— А теперь он поселился в твоих мыслях и заставляет сердце пылать.
— Угадала.
Я умолчала о том, что при воспоминании о нем по всему моему телу разливается тепло и становится светлее на душе, но она и сама обо всем догадывалась.
Скажи мне Йолта, что томление вызвано отчаянием, в которое приводили меня мысли о Нафанаиле, я бы этого не вынесла.
Наши пути с Иисусом пересеклись в тот самый миг, когда мой мир обрушился, это правда. Полагаю, отчасти он был послан мне в утешение. Йолта, видно, знала об этом, однако ни словом не обмолвилась. Взамен она сказала мне, что я отправилась в путешествие по тайным небесам, которые лежат по ту сторону облаков, и правит там небесная царица, потому что Яхве ничего не смыслит в сердечных делах женщин.
Шаги сотрясли лестницу, и я обернулась. Из темноты, словно поплавок из воды, вынырнула голова Йолты. Тете было не занимать проворства, но я боялась, что в один злосчастный вечер она свалится с крыши во двор. Я тотчас протянула ей руку, но вместо того, чтобы ухватиться за нее, Йолта шепнула:
— Спускайся, пришел Иуда.
— Иуда?!
Она зашикала на меня, вглядываясь в тени внизу. Незадолго до того один из солдат Антипы, тот, у которого нрав был жестче, топтался у черного входа в дом.
— Брат ждет тебя в микве, — еле слышно произнесла тетя. — И смотри, чтобы тебя никто не заметил.
Я дала ей спуститься первой, а потом последовала за ней, вспоминая по дороге, как отец кричал, что если Иуду поймают, то Антипа казнит его.

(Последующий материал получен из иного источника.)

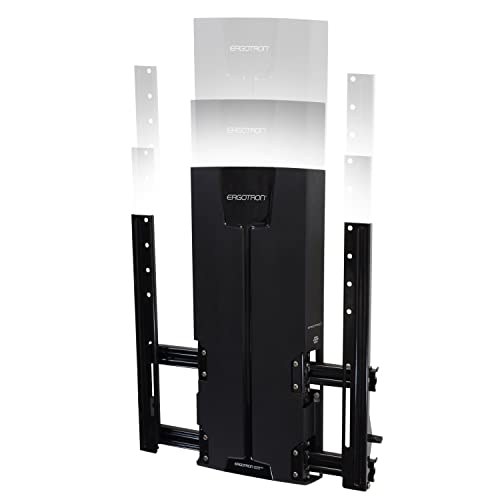 Ergotron – Glide Wall Mount VHD, VESA TV Wall Mount – for Heavy Monitors or TVs Up to 63 Inches, 45 to 70 lbs – Black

Полупрозрачная синеватая мгла заполнила двор. Солдата не было видно, но он мог оказаться где угодно. Я слышала Шифру, которая где-то поблизости чистила жаровню. Над головой мерцали огоньками узкие окна верхних покоев. Йолта сунула мне в руку глиняный светильник и полотенце.

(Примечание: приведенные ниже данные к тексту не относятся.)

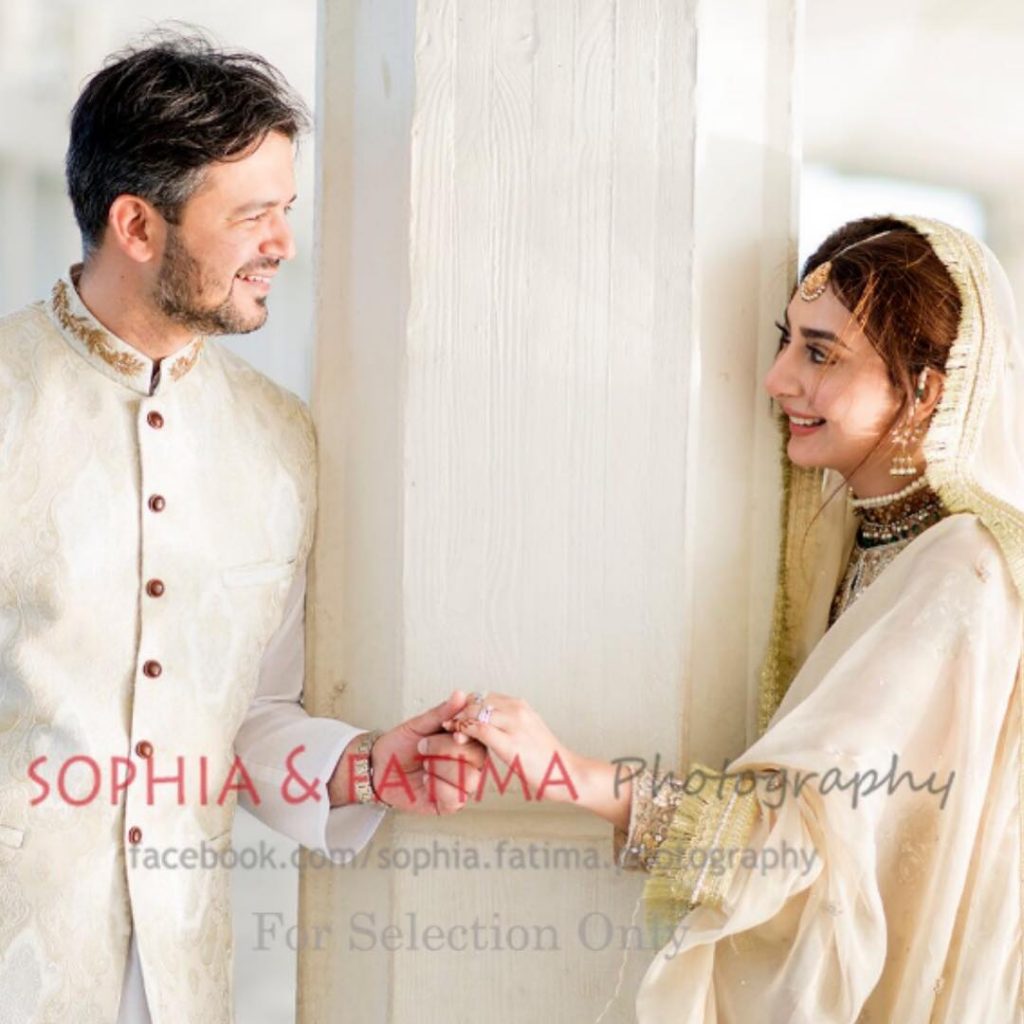 Aisha Khan Celebrated Her 2nd Wedding Anniversary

— Да очистит Господь твое тело и дух, — громко произнесла она на тот случай, если Шифра подслушивает, и исчезла в доме.
Мне хотелось перелететь через двор и ступеньки, ведущие вниз, к брату, но я подрезала себе крылышки и пошла не торопясь, напевая молитву, которой сопровождается омовение в микве. Когда я спускалась к бассейну, из цистерны до меня донесся звук, напоминающий биение сердца: кап, кап… кап, кап. Казалось, что воздух в тесном подземелье сгустился. Луч поднятой лампы прочертил полосу на темной глади воды.
— Иуда! — тихо позвала я.
— Я здесь.
Я обернулась и увидела брата у стены позади меня: знакомые красивые черты смуглого лица, быстро мелькнувшую улыбку. Я поставила лампу и обняла его. От его шерстяной туники пахло потом и лошадьми. Иуда изменился. Похудел, загорел; незнакомый мне огонь вспыхивал в его глазах.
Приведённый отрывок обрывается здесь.